*** Opening of Data section ***

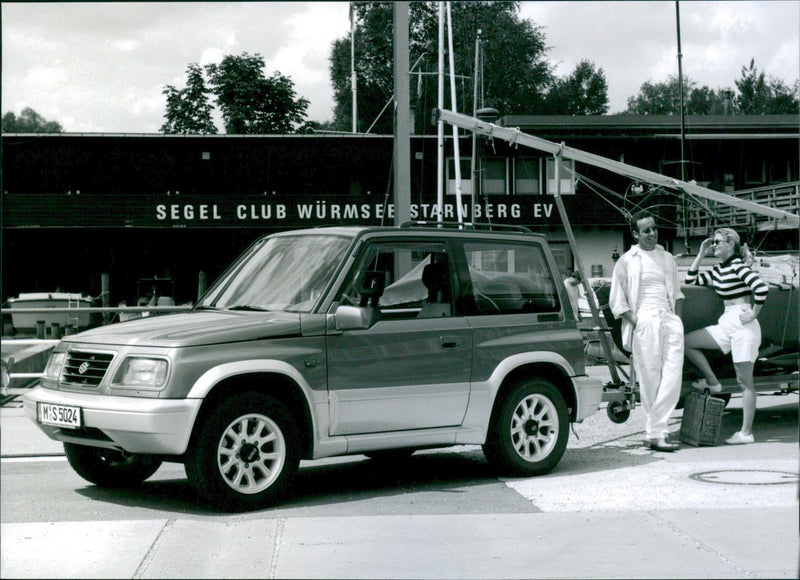 1997 Suzuki Vitara 2.0 - Vintage Photograph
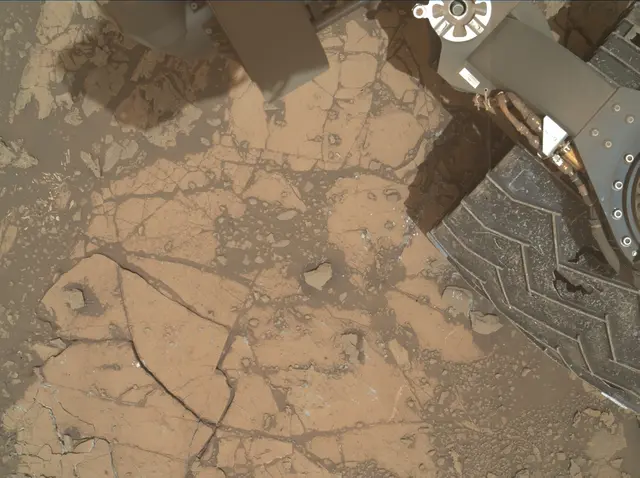 Sol 2687: Mars Hand Lens Imager (MAHLI)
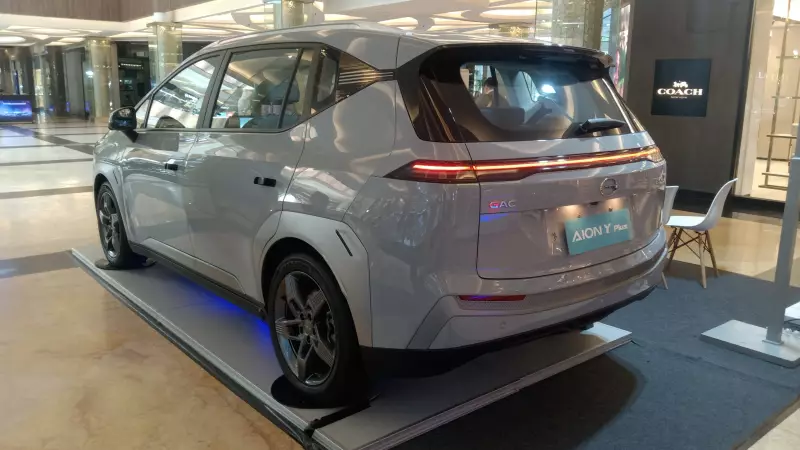 Criança causa acidente com carro elétrico em shopping de São Paulo: veja o que aconteceu
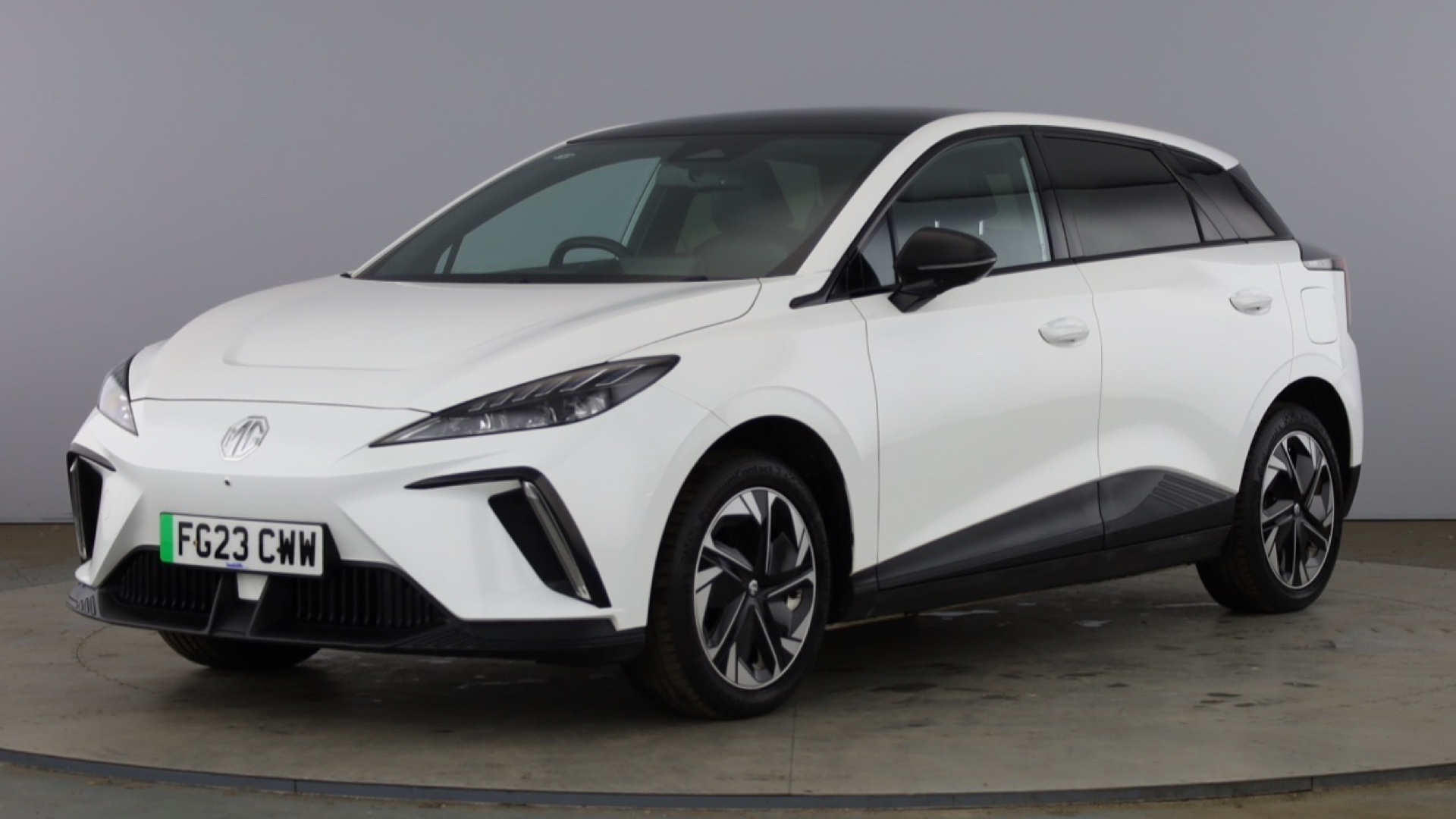 150kW Trophy EV Long Range 64kWh 5dr Auto [2023]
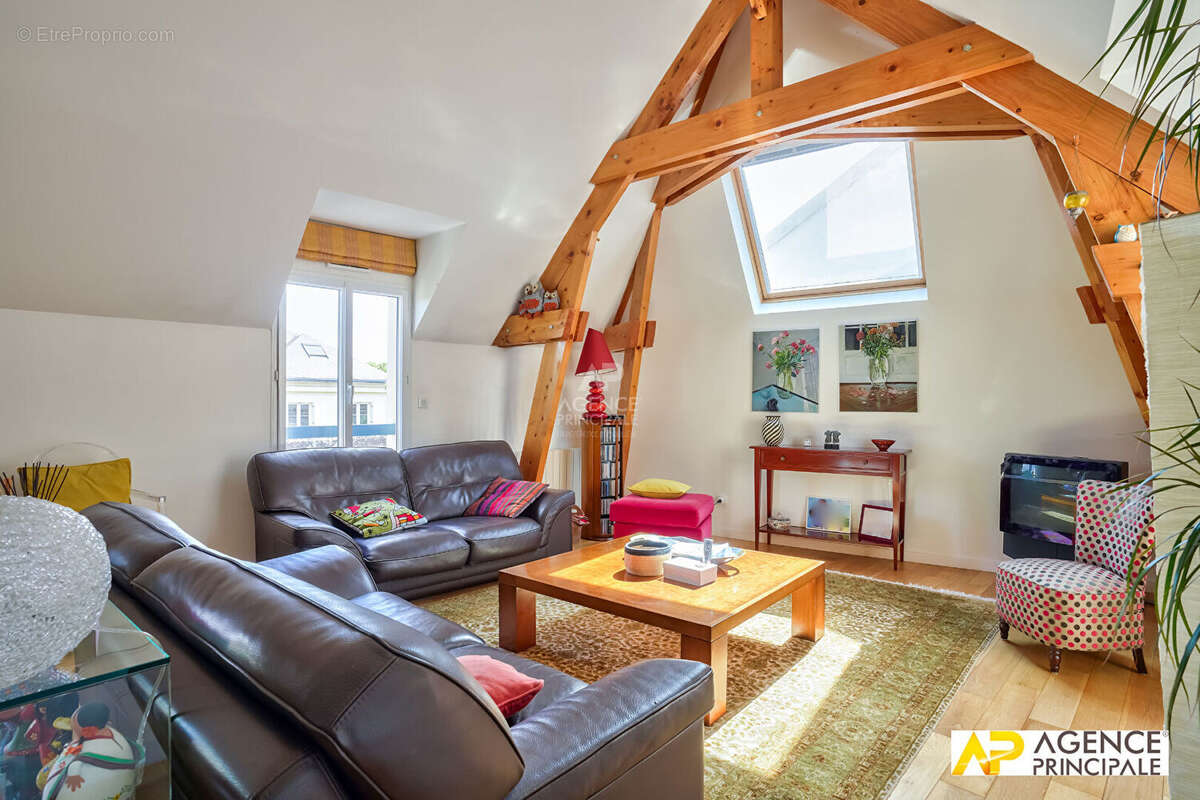 Appartement à MAISONS-LAFFITTE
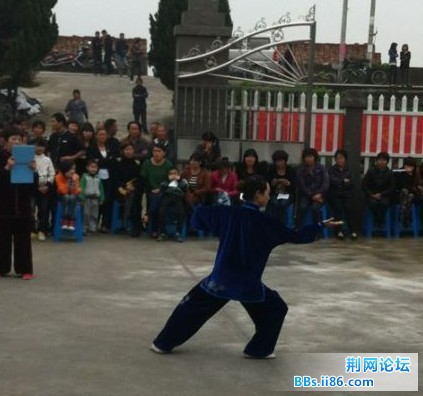 QQ截图20120415112400.jpg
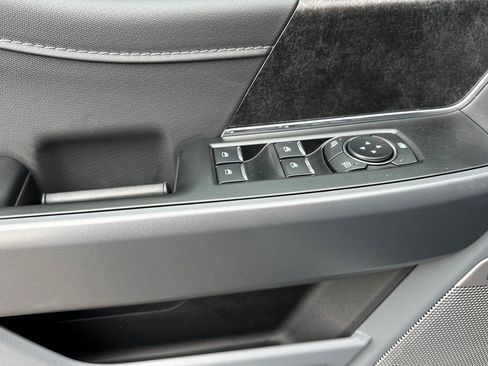 New 2025 Ford F150 Lightning Flash image 8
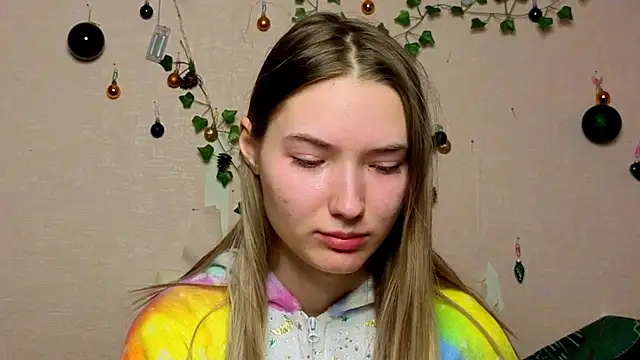  kikiclark   online show from February 7, 6:11 pm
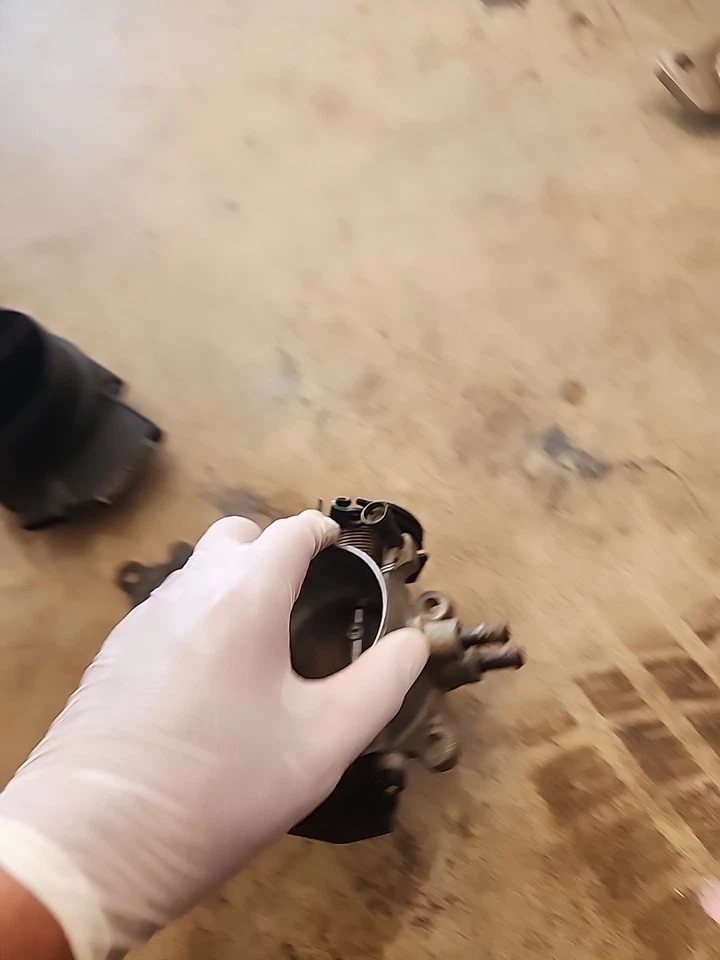 Cuerpo del acelerador 58 mm de diámetro para Kia Spectra5 2006 Foto 3 de 4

*** Close of Data section ***

■ Activity
What is needed is a word-for-word copy of the lines from the start of the data to the line with "QQ截图20120415112400.jpg", inclusive, with no pictures in it.

■ Result
 1997 Suzuki Vitara 2.0 - Vintage Photograph
 Sol 2687: Mars Hand Lens Imager (MAHLI)
 Criança causa acidente com carro elétrico em shopping de São Paulo: veja o que aconteceu
 150kW Trophy EV Long Range 64kWh 5dr Auto [2023]
 Appartement à MAISONS-LAFFITTE
 QQ截图20120415112400.jpg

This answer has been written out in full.